With interest rates remaining low and capital continuing to flow into Singapore as a haven, Savills Singapore has revised its full year investment sales forecast upward from S$34 billion to a range of S$35 billion to S$40 billion.
Singapore’s investment market began 2026 on solid footing, with total investment sales rising to S$11.48 billion[1] in Q1/2026, a 3.5% quarter-on-quarter (QoQ) increase from S$11.09 billion in Q4/2025 and a 95.4% year-on-year (YoY) surge from S$5.88 billion a year earlier. This also represents the highest quarterly investment sales since Q3/2013 (S$13.84 billion), highlighting the strength and depth of capital deployment in the current cycle. Investment activity was supported by developers actively replenishing their land banks amid steady residential demand. The revival of private capital — particularly from private funds and family offices — has also strengthened the overall investment appetite. Concurrently, ongoing capital recycling by developers, funds and REITs, together with a steady pipeline of upcoming REIT IPOs, continued to underpin market liquidity.
Private-sector office and retail assets are poised to be among the most resilient performers in 2026, underpinned by stable income profiles, improving investor sentiment in a low-interest rate environment, and a narrowing bid–ask spread between buyers and sellers.

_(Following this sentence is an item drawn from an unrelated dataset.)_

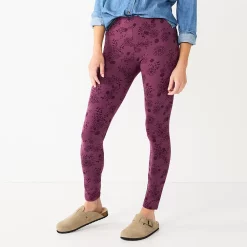 Women's Sonoma Goods For Life® Midrise Leggings -StyleUp Sales Store 2946661 Purple Floral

Commercial investment sales totalled S$2.04 billion in Q1/2026, a 42.6% QoQ decline from S$3.56 billion in Q4/2025. The previous quarter had been boosted by several major transactions, including the acquisition of a one-third stake in Marina Bay Financial Centre Tower 3 by Keppel REIT.

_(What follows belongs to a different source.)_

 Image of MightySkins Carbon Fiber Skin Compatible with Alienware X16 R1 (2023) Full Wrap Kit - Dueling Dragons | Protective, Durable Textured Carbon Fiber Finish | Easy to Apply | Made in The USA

Even with this moderation, private-sector office and retail assets remain supported by steady occupancy and income profiles, improving sentiment amid lower financing costs, and narrowing gaps in pricing expectations.
Key transactions in Q1/2026 for the office and retail sector included the sale of 78 Shenton Way for S$600 million–S$630 million, comprising a 34-storey and 11-storey tower with a combined net lettable area of about 364,030 sq ft; and the sale of Bukit Panjang Plaza, a four storey suburban mall in the north-west region, to US asset manager Hines for S$428 million.
These transactions signal renewed confidence in office and retail assets, with both sectors seeing block and portfolio deals progress in Q1.
The industrial sector recorded a total of S$2.94 billion in investment sales, a significant increase of 38.1% QoQ, from Q4/2025. Notably, UI Boustead REIT launched its IPO in March 2026 with an initial portfolio of 23 logistics, industrial and business park assets across Singapore and Japan. The Singapore industrial assets, valued at approximately S$1.36 billion, include prominent properties such as GSK Asia House, Razer’s Southeast Asia Headquarters, Rolls‑Royce Solutions Asia and Edward Boustead Centre.
The mixed-use sector saw S$1.89 billion in investment sales, more than double the previous quarter, with two transactions in the first quarter.
- The first was the mixed commercial and residential GLS site at Hougang Central awarded to a CapitaLand–UOL consortium for S$1.50 billion, following a tender that drew three bids.
- The second involved Frasers Property’s S$391.9 million acquisition of the rear block of The Centrepoint on Orchard Road via collective sale. Comprising 66 strata retail units and 66 residential apartments, the sale marks the fifth successful collective transaction along Orchard Road since 2022, underscoring sustained developer interest in the prime retail corridor.
Jeremy Lake, Managing Director, Investment Sales & Capital Markets, Savills Singapore “Despite the inevitable uncertainty resulting from the war in Iran, we are optimistic that investment sales activity will remain strong into 2Q and beyond – there are genuine sellers and there are genuine buyers in the marketplace. These are the key ingredients for activity. In addition, the cost of borrowing remains very low which should ensure that we avoid a price gap which has plagued the market for a few years and prevented deals from happening.”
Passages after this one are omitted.